Overall, it is evident that different design strategies may offer varying degrees of benefits for different user groups. The extent to which a decision maker is willing to prioritize robustness over other objectives ultimately depends on their specific goals and priorities. Finally, the complexity of this problem, even within the context of a relatively small-scale case study focused on a single district, supports the necessity of developing systematic tools to facilitate informed decision-making processes.

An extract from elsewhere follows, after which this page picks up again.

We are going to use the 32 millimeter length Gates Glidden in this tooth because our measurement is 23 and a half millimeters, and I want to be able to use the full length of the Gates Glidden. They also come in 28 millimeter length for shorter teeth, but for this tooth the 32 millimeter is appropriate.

Conclusions and future developments

In this work, we introduce an optimization model aimed at locating new accessible roads and service facilities, while accounting for demand groups with varying walking abilities. Recognizing the NP-hard nature of the model, computational analyses reveal that solving it using general-purpose solvers can be time-consuming, especially for instances of realistic sizes. To address this challenge, we develop and test a randomized greedy solution algorithm, demonstrating its efficacy in retrieving optimal and near-optimal solutions within reasonable time. The model is applied to a case study based on Huai Kwang district of Bangkok, focusing on health and education services. The results demonstrate that significant improvements can be achieved by adding new accessible roads along with new facilities. The case study also highlights differences in solutions for different demand groups and investigate a simple approach to obtain more robust designs. The model results help identify specific areas within the Huai Kwang district where adding new facilities and accessible roads would most improve accessibility for various demand groups. This shows that urban planners could use a similar approach to guide zoning changes that promote the inclusion of essential services in underserved areas. Additionally, the findings support the need to enhance accessibility for vulnerable or mobility-impaired groups by prioritizing investments in accessible infrastructure development. The results align with the study’s objective of developing a practical decision support tool for planners, demonstrating how targeted investments and strategic planning can significantly improve non-motorized accessibility.

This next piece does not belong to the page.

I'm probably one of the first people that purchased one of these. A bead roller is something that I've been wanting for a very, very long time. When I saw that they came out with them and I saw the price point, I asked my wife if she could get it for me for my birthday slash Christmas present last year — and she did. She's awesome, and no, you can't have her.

While our work offers a novel approach to optimizing non-motorized accessibility, there are a few limitations to acknowledge. First, the model does not currently account for capacity constraints at facilities, which could impact accessibility in high-demand areas where congestion may occur. Second, although the heuristic developed is capable of handling realistic-sized networks, its scalability is challenged by significantly larger networks; addressing this may require developing more advanced algorithms or accepting a larger gap between optimal and retrieved solutions. Third, the model depends on detailed network data, requiring each link to be inspected and labeled with accessibility-relevant attributes. This data collection process can be demanding, especially in regions lacking granular data.

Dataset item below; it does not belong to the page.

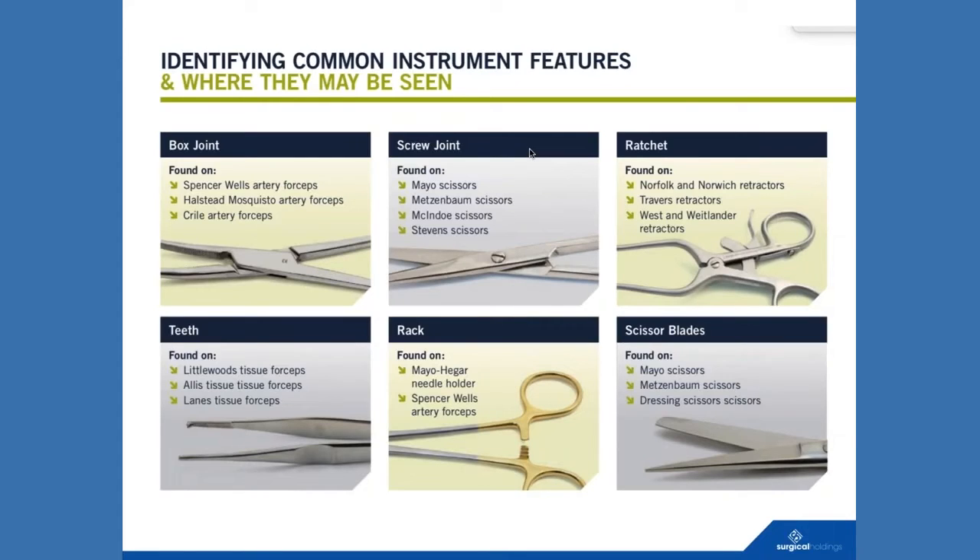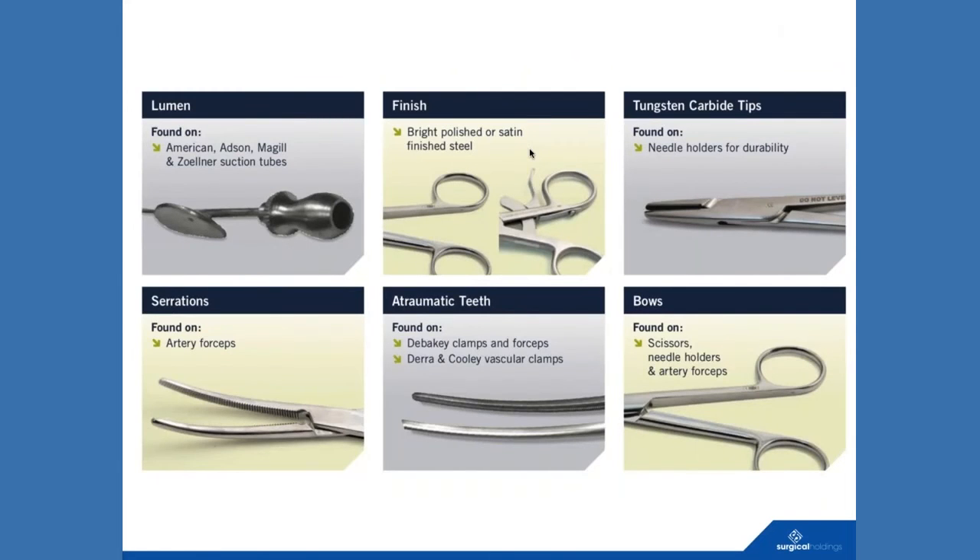You've got ratchets, which are common on self-retained retractors — Norfolk, Norwich, Wests, and such like — and teeth that are obviously on tissue forceps. Racks, as we've just mentioned from the previous slide, are found on needle holders, artery forceps, and of course scissor blades. Lumen is a term you'll probably hear quite a lot, and that's more akin now to single-use suction tubes. Differences in serrations and teeth, and bows would obviously be found on scissors.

There are several lines of research that can be explored to expand this work. Firstly, the model could be expanded to incorporate a temporal dimension, enabling the construction of networks capable of accommodating significant demographic changes over time. Additionally, factors such as weather conditions and their impact on walkability could be explored, particularly in regions prone to issues like flooding. Integrating uncertainty and robustness features into the model could help address potential disruptions to paths caused by such environmental factors. Moreover, the problem scope could be broadened by considering a range of accessibility investments, such as building access ramps or adding cover-ways, to cater to different requirements for making links accessible. Finally, efforts should be directed towards refining solution algorithms to effectively tackle larger and more complex datasets as the problem complexity increases with the incorporation of new features.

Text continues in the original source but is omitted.